La caridad es don que da sentido a nuestra vida y gracias al cual, consideramos a quien se ve privado de lo necesario como un miembro de nuestra familia, como un amigo. Lo poco que tenemos, si lo compartimos con amor, no se acaba nunca, sino que se transforma en una reserva de vida y de felicidad. Así sucedió con la harina y el aceite de la viuda de Sarepta, que dio el pan al profeta Elías (1 R 17,7-16); y con los panes que Jesús bendijo, partió y dio a los discípulos para que los distribuyeran entre la gente (Mc 6,30-44). Así sucede con nuestra limosna, ya sea grande o pequeña, si la damos con gozo y sencillez.

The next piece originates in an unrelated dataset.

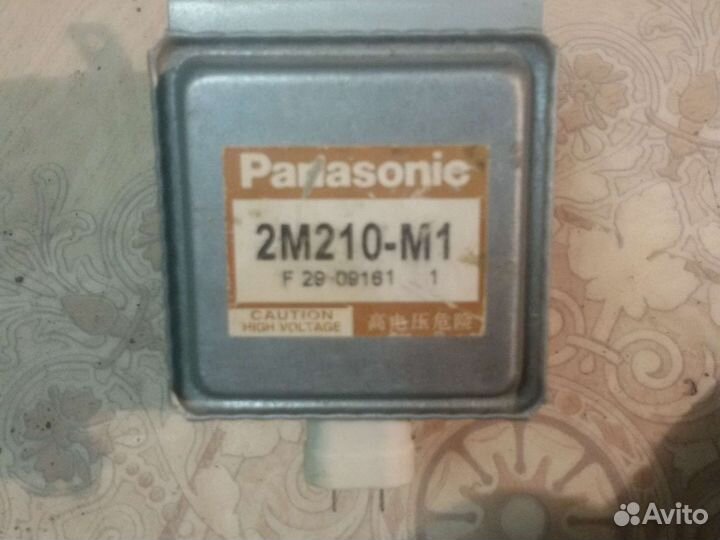 Магнетрон микроволновой печи Самсунг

Y, finalmente, oración. Si la limosna es abrirnos al otro, la oración es abrirnos a Dios. En la oración, Dios va cambiando nuestro corazón, lo hace más limpio, más compasivo, más generoso…en resumen, va transformando nuestras actitudes negativas y creando en nosotros un corazón nuevo y lleno de caridad pues la oración es generadora de amor. Ademas la oración nos induce a conversión interior y nos lleva a hacer obras buenas por Dios y por el prójimo. En la oración recobramos la fuerza para salir victoriosos de las tentaciones. Cuaresma, es pues, tiempo fuerte de oración.

El ayuno, la limosna y la oración, tal como los presenta Jesús en su predicación, como se lee en Mt 6,1-18, son las condiciones y la expresión de nuestra conversión. La vía de privación a través del ayuno, El conocimiento de Jesucristo y sus enseñanzas por medio de la lectura de los Evangelios, la mirada y los gestos de amor hacia el hombre herido a través de la limosna y el diálogo filial con el Padre por medio de la oración, nos permiten introducirnos a una fe sincera, una esperanza viva y una caridad operante.

En esta Cuaresma, estemos más atentos a decir palabras de aliento, que reconfortan, fortalecen, consuelan y estimulan, en lugar de palabras que humillan, entristecen, irritan y desprecian. A veces, para dar esperanza, es suficiente con ser una persona amable, que deja a un lado sus necesidades y urgencias para prestar atención, para regalar una sonrisa, para decir una palabra que estimule, para posibilitar un espacio de escucha entre tanta indiferencia.

En el recogimiento y el silencio de la oración, se nos da la esperanza como inspiración y luz interior, que ilumina los desafíos y las decisiones de nuestra misión: por esto es fundamental recogerse en oración (cf. Mt 6,6) y encontrar, en la intimidad, al Padre de la ternura.

Esta Cuaresma ofrezcamos a Dios, con amor, los sacrificios que llevemos a cabo, para que nuestro corazón endurecido, se ablande y se llene de Su amor, de su ternura, para que podamos volvernos a Él y darnos en servicio de amor a nuestro prójimo más necesitado.